Best answer: There are a lot of terms out there and it can be confusing. Here are a few definitions. An amplifier just takes a low level signal and makes it louder. A pre-amplifier (preamp) switches between low level (line level) sources and adjusts the signal, things like volume, tone controls. An integrated amplifier combines the amp and preamp into one box. A tuner just receives radio signals and converts them into audio signals. A receiver is an amp, preamp, and tuner in one box.

Having everything in one box (integrated) is usually cheaper and saves space. Having each device in its own box (components) is more expensive, but it lets you pick out the best individual unit. It also means that if one part dies you don't have to throw everything else out.

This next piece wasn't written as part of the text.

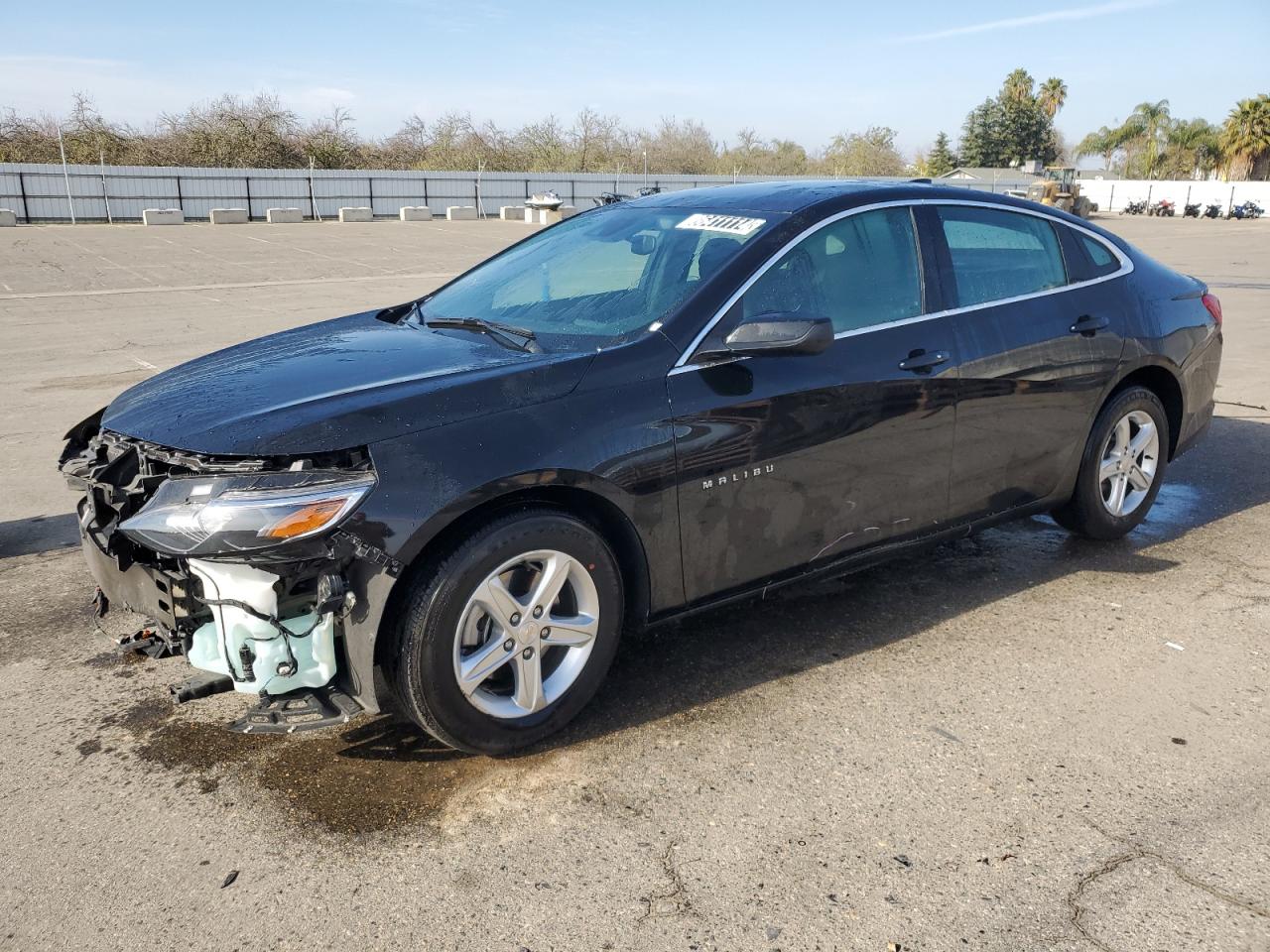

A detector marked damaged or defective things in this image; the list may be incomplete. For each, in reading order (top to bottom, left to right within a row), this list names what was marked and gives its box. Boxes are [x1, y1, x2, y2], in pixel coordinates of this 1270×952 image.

Turntable signals are lower than line level and so need an extra device, another type of amplifier, to boost them. Often this will be built into the preamp or receiver, but not always. Check for that if it is important. You can buy a separate device to boost the signal if that becomes important later.

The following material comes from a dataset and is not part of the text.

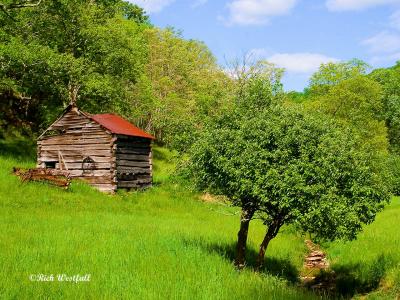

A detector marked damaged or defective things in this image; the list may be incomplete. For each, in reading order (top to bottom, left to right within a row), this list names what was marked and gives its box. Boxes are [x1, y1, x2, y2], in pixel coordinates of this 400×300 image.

rusty roof panel [90, 113, 155, 139]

For $200 or so you will likely want a receiver.

As for recommendations about specific models, well those change so fast it is difficult to keep up. At that price, you won't see much difference in audio performance if you stay with main brands. I value good customer service and reliability. I have had good luck with Yamaha and Onkyo products. I maintain a theatre and have to purchase a/v equipment pretty regularly, and I have had good luck with those two brands.

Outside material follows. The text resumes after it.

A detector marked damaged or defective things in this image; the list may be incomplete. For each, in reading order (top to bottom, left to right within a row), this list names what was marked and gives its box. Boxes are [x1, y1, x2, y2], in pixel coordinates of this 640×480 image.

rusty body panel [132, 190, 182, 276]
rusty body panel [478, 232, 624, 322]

As for specific sites, I use Consumer Reports and Amazon for a sense of how a particular model does, but if you wait five minutes, the particular model will no longer be available, having been replaced with a "new and improved" version.

Think about what you will be using it for, music or movies, and what bells and whistles are important to you, easy to mute, quiet mode, fancy remote, and evaluate accordingly.

If you go into a stereo store, be prepared for techno babble and subtle, or not, sales pressure. Trust your ears and your instincts. The sales people will recommend the brands the store has deals with, not necessarily the best value for you.
posted by tbird at 11:56 AM on March 29, 2006

One problem these days, especially in the US, is that the low end of the market has gone over to home theatre, while the straightforward audio integrated amp / receiver market is more high-end. (Americans don't have a Richer Sounds selling cheap separates.) So buying new, mainstream and cheap isn't always an option, especially in the Best Buy kind of place.

Fortunately, many people are ditching perfectly good stereo amps for home theatre setups or home media boxes, and since you're in a big city, there's craigslist or freecycle or junk/pawn shops at your disposal. You'll likely get a much better deal than buying new.
posted by holgate at 2:47 PM on March 29, 2006

One more vote for not buying Sony. I bought one of their surround-sound receivers about 6 years ago and the turntable amp was terrible. The output was at an odd level and the sound itself was 'off.'

Harmon Kardon have been my favorite receivers for turntable amplification. NAD in particular tends to ship their boxes with proper RIAA equalization and to me sound quite nice.